Apr. 2nd, 2019

calimac: (Default)
I'd just like to point out, regarding this year's Hugo nominations, that 80% of the finalists in the five Hugo prose fiction categories are by women. Eighty per cent. I think that's a new high.

Even in the Retro Hugos, covering a much more male-centric time in SF authorship, counting co-authored stories as half a story for each author, 23% are by women, which would have been a very respectable percentage in the regular Hugos almost any time before 2010.
calimac: (Haydn)
Sunday I went to the Australian Chamber Orchestra at Bing. I had been thinking of taking this in anyway, and then my editor asked if I'd like to review it. Sure, I said.

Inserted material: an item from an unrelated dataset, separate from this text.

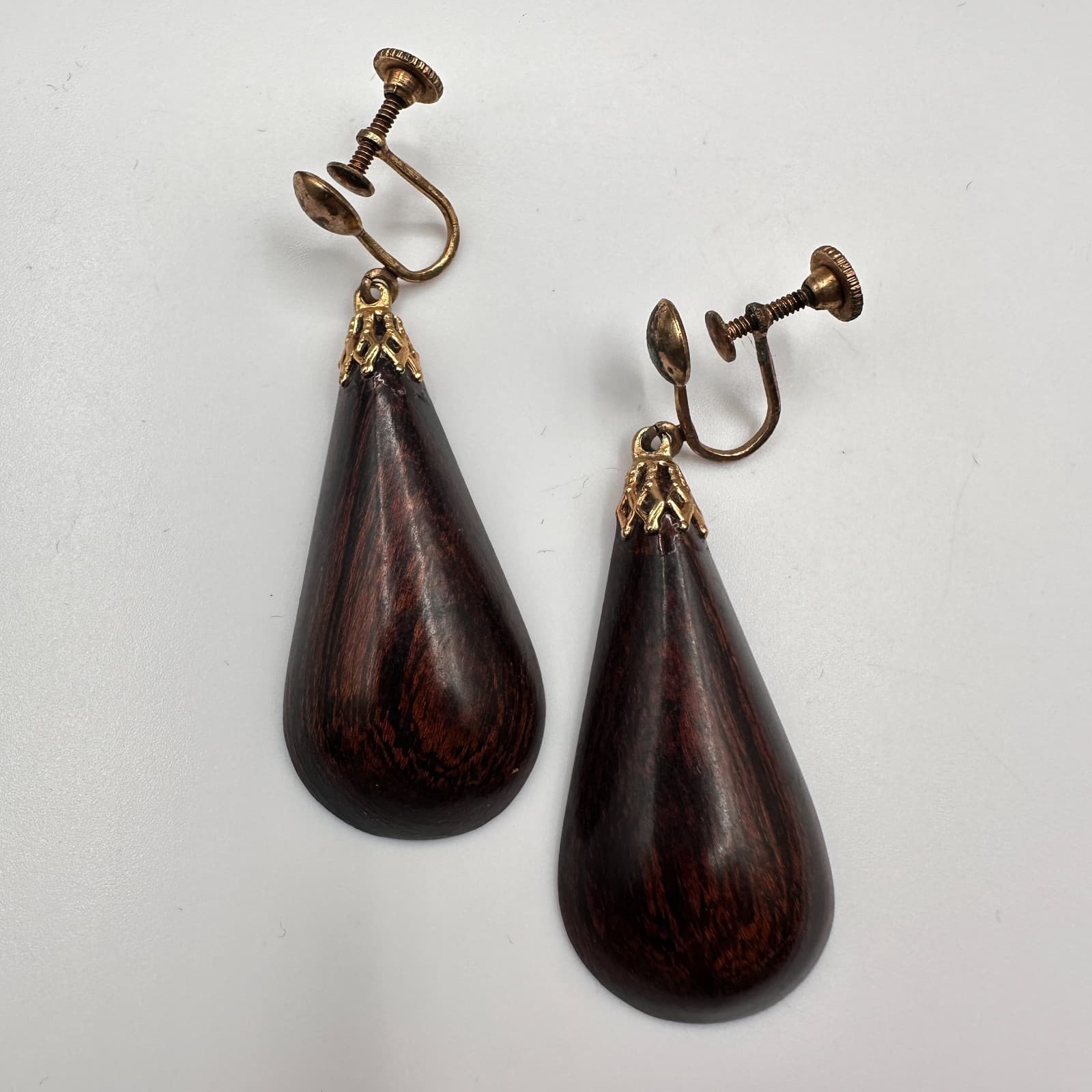 Vintage 90s Wooden Teardrop Dangle Earrings Gold Tone Women's Classic Jewelry - Thumbnail 8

Monday, up to Herbst for the Elias Quartet. Like the ACO, this was a softer and more gentle group than the last time I heard them. Their Schumann 41/1 was light-textured and shining, and so was much of their Britten Second, gnarly though that piece often is. And again, as with ACO pulling out a firmer and grittier sound for their new piece, so did Elias for a new quartet by Sally Beamish. This was inspired by the Schumann, in the sense that Beamish bases each of her numerous short movements on a tiny fragment taken from the Schumann piece. It helps to have the Schumann immediately in your ear when listening to this (in the playbill, they were going to play the Beamish first, which would have been odd), but it's listenable to on its own. Eclectic, but not totally disjointed. For an encore, this proper British ensemble played a Scottish folk waltz with an intriguing air of American bluegrass to it. I suppose that's where that originally comes from.